Wednesday, 8 August 2012

Dealing with Lying

“There are six things the Lord hates, seven that are detestable to him… a lying tongue”

 Proverbs 6: 16-17

“Who has been eating out of the ice cream carton?”  This is what is known as a rhetorical question, i.e. the person who is asking the question isn’t really looking for an answer.  Such was the case when I was confronted by my mother.  It would do no good to lie.  Even better was the fact that I didn’t fear telling the truth. 

Often the propensity to lie in adulthood starts in childhood.  So as a parent it is important that your children know that truth telling has a very high value for you.  It is important for you to, as a parent, and possibly as a spouse, to determine the motivation behind the lie.  Does the child tell the lie in an effort to make himself or herself look better; is it to avoid getting into trouble; is it to avoid embarrassment or shame; or has this become a pattern.

Examine how you respond when your child or spouse does tell the truth.  This becomes a teachable moment.  When you inquire of your children how your favorite vase wound up on the floor in pieces your reaction may shape how your children will be willing to take responsibility for their behavior for years to come.
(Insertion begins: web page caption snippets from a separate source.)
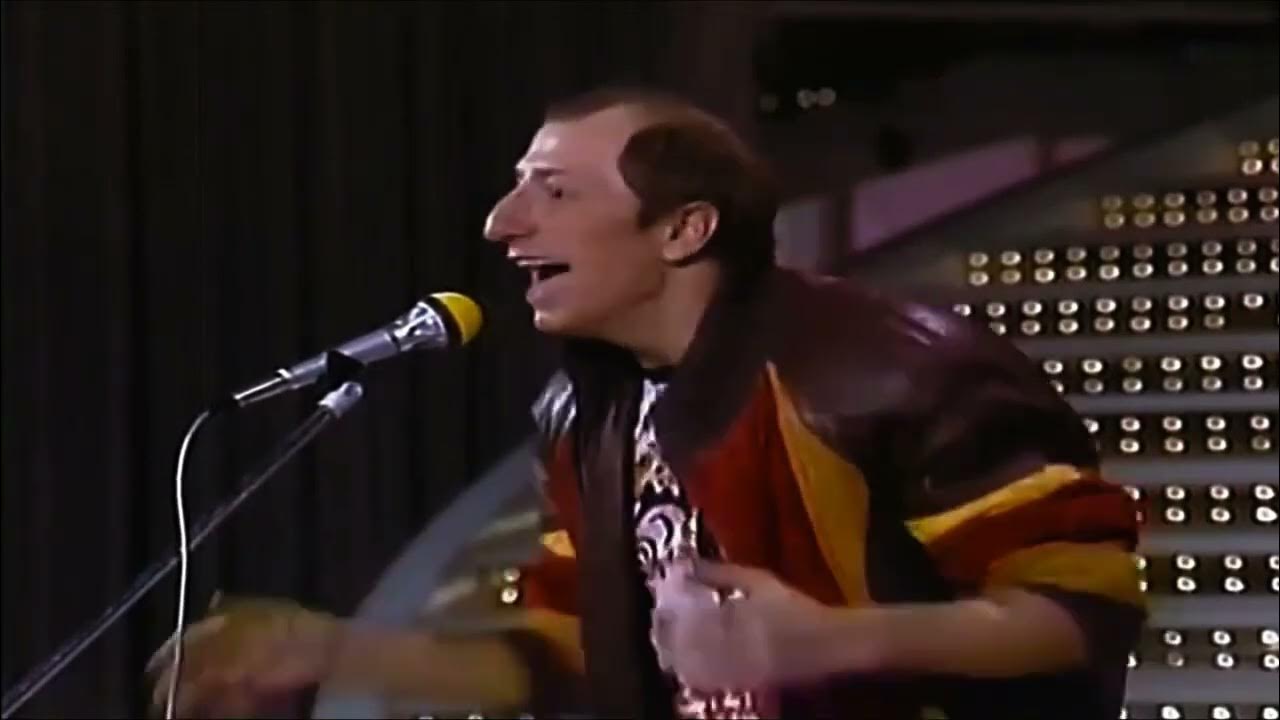 Pippo Franco Chi chi chi, co co co REMIX YouTube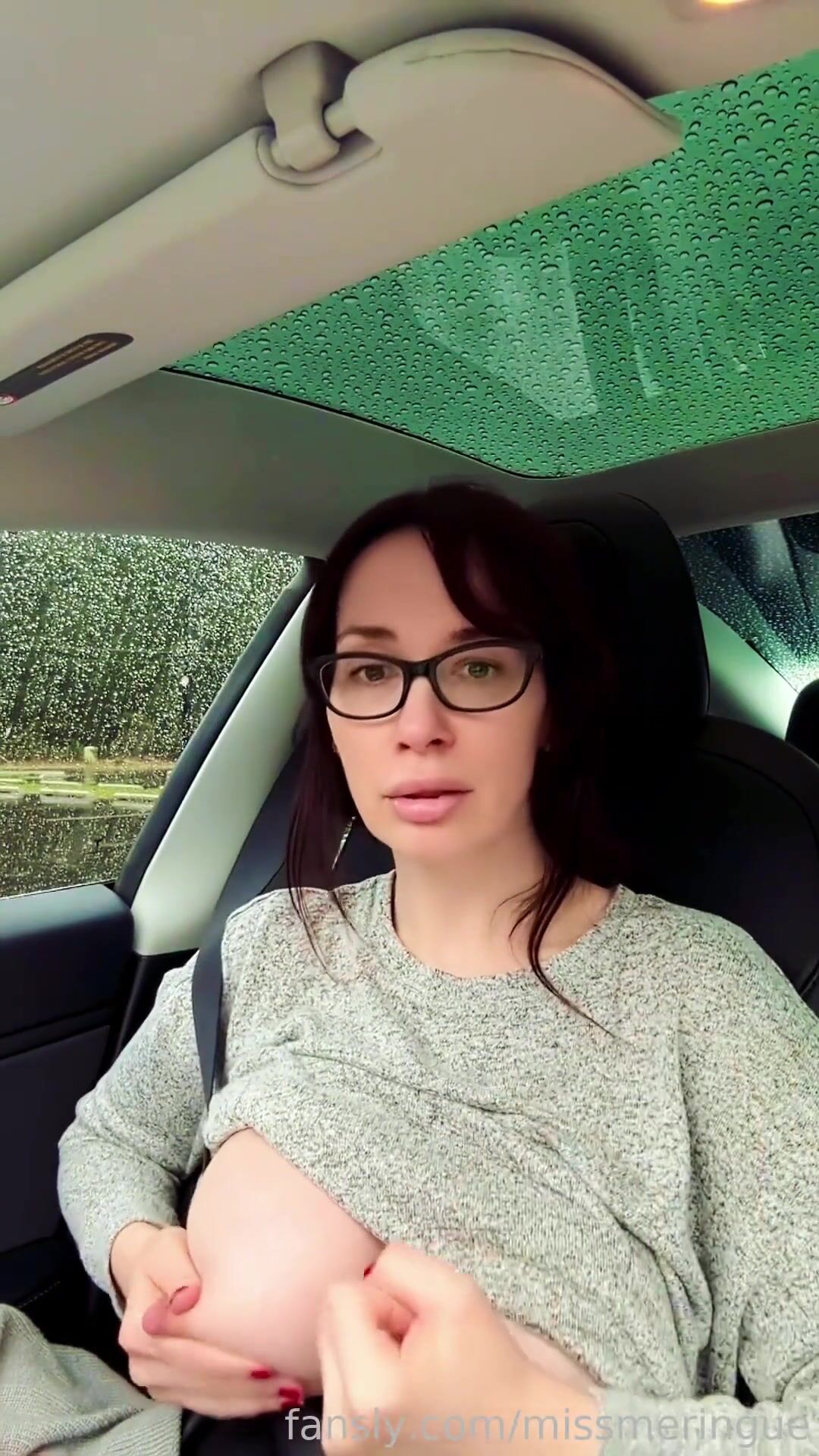 Mommy joi in the car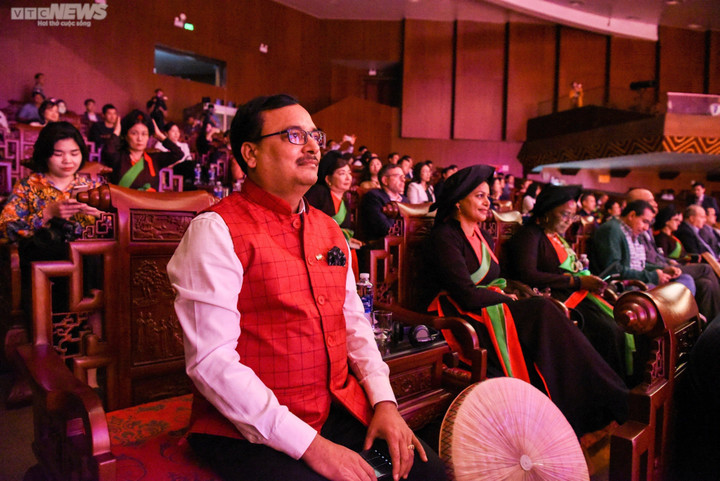 Đại sứ nước ngoài trải nghiệm làm tranh Đông Hồ, mặc trang phục Quan họ - 16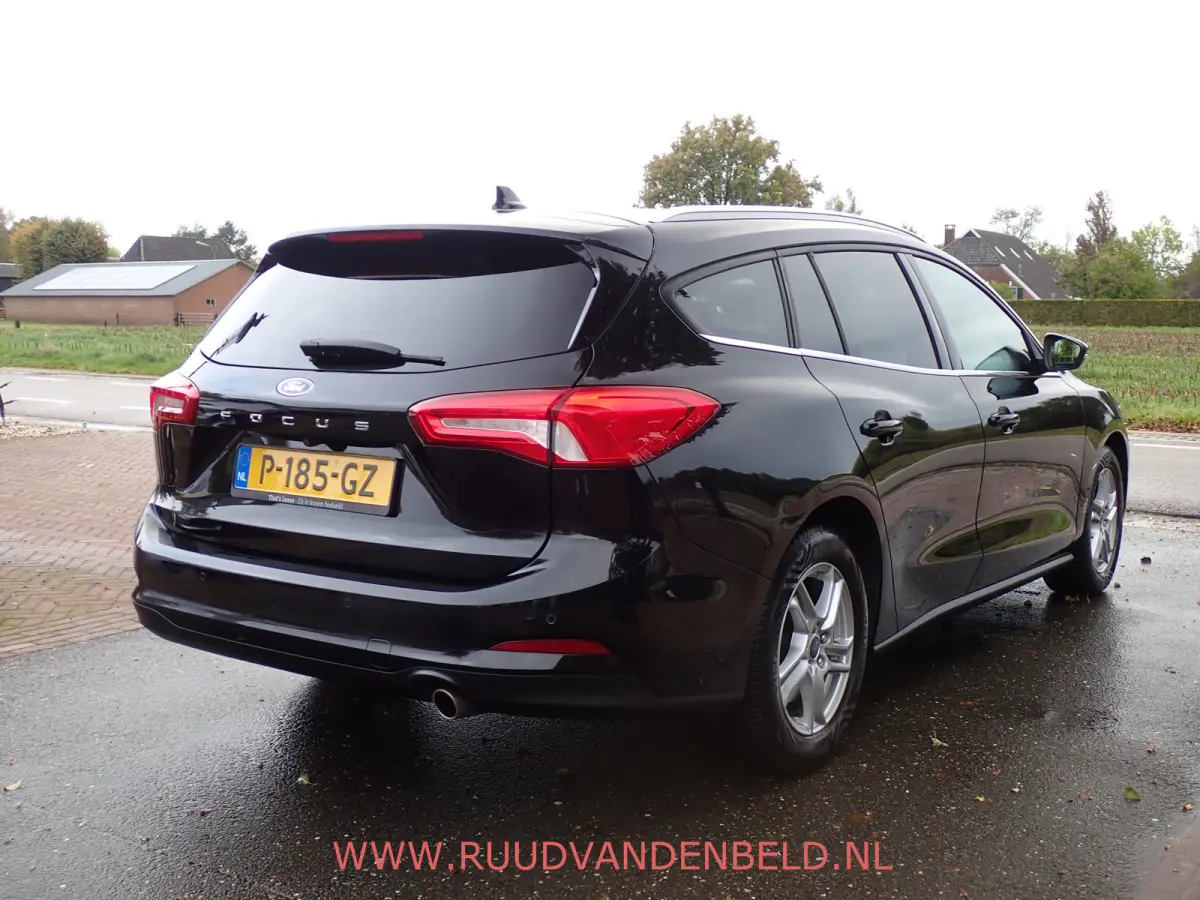 1.0 EcoBoost STUUR + STOELVERWARMING / CAMERA / CARPLAY / NAVI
It’s just a vase!  But it is a great opportunity to build character.

 I can encourage truth telling or encourage someone to lie.  If I explode when my wife tells me that she accidently dented the car, I run the risk of having her avoid telling me or lying about it.  It’s just a car!  If I feel the need to conceal the fact that I was not at the office but having a drink with the guys I am headed down a very dangerous path.

 Yelling, screaming, ranting and raving are rarely, if ever, effective ways of responding to a difficult situation.  That doesn’t mean you don’t have the right to be angry or hurt.  It is what you do with your emotions at the time you learn of the infraction that builds up or tears down a relationship.  Nor does it mean that there aren’t consequences for having done something wrong and/or lying about it.

How you choose to respond to bad news and/or catching someone in a lie may determine whether or not your daughter will come to you first when she discovers that she is pregnant out of wed lock; or whether your spouse will admit to viewing pornography.  Whether the situation is serious or as simple as your teenage son coming in after curfew, the individual must believe they are loved unconditionally. Even though there may be consequences to the choices they have made, you will be there to support them.